Greeting Bob and Gloria - I'm from Red Deer and will be back there for good once I sell all my stuff here in Arizona. My soon to be son-in-law is an electrician and is busy all the time. Of course, we are inland in Moca, about 90 minutes or more drive from Puerto Plata. Good luck. Read these threads - lots of great info - and as Gloria has said, sift through it and form your own opinions and once here be aware more of the general area you elect go to. If roads were like in North America, the distance from Moca or Santiago would be half the time to the coast...Cheers


You cant always believe what you are told. What dept does he work in? Timeshare sales might make good money. Sr. management too. Others not so much.

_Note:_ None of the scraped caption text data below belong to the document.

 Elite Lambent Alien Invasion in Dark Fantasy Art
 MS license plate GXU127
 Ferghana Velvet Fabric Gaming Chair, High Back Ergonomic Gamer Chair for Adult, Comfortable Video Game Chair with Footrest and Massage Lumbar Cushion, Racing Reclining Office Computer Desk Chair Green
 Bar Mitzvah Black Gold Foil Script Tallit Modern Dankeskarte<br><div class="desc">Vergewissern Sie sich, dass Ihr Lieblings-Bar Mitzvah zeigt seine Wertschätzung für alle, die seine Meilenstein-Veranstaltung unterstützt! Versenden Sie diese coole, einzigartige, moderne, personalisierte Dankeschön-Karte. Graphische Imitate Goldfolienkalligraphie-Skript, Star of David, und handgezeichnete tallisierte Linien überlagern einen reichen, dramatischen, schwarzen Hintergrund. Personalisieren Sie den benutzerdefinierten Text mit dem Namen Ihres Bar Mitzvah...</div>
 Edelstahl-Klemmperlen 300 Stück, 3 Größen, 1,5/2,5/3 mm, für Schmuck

And of course he may have "other" sources of income.  :D

Not everyone is willing to accept getting what they pay for. They will pay for professional, quality work.  Not at stateside rates, but higher than local rates.  I know several local (ex-pats & locals), people who provide excellent results. They too make more than the regular locals.  So do not despair my man, you can survive well here. It will take time to network, however good work news travels fast.  So stride forth into your new adventure & laugh at those who denigrate your decisions, just keep on trucking!  Thumb your nose at the naysayers.  Welcome to the world of real living & you will never be bored.  By the way, learn Spanish, it really  helps.

Ya very true. As I'm sure lots I will visit lors and hope get some good connections..thx and I wi read on...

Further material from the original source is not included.